Structural Learning in a Visuomotor Adaptation Task Is Explicitly Accessible
Type
Structural learning is a phenomenon characterized by faster learning in a new situation that shares features of previously experienced situations. One prominent example within the sensorimotor domain is that human participants are faster to counter a novel rotation following experience with a set of variable visuomotor rotations. This form of learning is thought to occur implicitly through the updating of an internal forward model, which predicts the sensory consequences of motor commands. However, recent work has shown that much of rotation learning occurs through an explicitly accessible process, such as movement re-aiming. We sought to determine if structural learning in a visuomotor rotation task is purely implicit (e.g., driven by an internal model) or explicitly accessible (i.e., re-aiming).
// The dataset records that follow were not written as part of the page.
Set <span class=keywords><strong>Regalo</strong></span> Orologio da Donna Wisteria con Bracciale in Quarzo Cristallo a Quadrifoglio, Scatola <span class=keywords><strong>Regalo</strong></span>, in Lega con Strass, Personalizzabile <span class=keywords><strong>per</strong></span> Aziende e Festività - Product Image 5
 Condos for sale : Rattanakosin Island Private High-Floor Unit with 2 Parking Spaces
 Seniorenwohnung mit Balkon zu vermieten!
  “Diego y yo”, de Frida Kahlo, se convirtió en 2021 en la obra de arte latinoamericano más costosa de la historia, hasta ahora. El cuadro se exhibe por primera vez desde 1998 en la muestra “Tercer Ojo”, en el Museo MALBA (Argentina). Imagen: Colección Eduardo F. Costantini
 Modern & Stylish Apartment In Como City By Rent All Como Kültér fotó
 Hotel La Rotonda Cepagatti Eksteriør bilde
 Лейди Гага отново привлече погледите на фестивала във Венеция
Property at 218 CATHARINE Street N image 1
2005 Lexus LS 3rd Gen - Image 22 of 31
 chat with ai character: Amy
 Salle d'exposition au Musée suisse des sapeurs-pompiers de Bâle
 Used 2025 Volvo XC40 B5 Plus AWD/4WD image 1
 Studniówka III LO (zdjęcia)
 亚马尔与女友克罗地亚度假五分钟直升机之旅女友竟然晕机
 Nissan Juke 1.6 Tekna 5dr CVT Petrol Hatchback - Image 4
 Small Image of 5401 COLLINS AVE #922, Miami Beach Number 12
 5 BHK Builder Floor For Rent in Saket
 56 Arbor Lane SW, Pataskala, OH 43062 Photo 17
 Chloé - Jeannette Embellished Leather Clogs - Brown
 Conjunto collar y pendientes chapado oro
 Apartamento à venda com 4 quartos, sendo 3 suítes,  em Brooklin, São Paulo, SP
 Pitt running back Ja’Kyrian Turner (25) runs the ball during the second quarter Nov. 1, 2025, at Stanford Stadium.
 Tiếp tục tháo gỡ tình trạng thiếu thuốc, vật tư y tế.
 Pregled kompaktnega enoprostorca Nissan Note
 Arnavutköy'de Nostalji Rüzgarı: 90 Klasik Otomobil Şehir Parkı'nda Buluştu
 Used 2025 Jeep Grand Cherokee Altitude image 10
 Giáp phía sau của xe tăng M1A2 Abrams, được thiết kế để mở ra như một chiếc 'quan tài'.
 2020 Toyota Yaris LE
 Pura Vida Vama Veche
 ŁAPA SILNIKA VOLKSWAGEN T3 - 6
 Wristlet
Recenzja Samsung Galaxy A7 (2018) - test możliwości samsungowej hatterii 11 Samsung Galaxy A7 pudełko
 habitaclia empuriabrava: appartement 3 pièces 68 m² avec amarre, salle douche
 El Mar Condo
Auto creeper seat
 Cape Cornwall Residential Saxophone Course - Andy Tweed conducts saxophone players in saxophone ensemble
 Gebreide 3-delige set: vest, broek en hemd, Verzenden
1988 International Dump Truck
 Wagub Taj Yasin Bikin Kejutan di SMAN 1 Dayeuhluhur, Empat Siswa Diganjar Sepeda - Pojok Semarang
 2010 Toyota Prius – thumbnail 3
We found that participants exhibited structural learning: following training with a variable set of rotations, they more quickly learned a novel rotation. This benefit was entirely conferred by the explicit re-aiming of movements. Implicit learning offered little to no contribution. Next, we investigated the specificity of this learning benefit by exposing participants to a novel perturbation drawn from a statistical structure either congruent or incongruent with their prior experience. We found that participants who experienced congruent training and test phase structure (i.e., rotations to rotation) learned more quickly than participants exposed to incongruent training and test phase structure (i.e., gains to rotation) and a control group. These results suggest that structural learning in a visuomotor rotation task is specific to previously experienced statistical structure and expressed via explicit re-aiming of movements.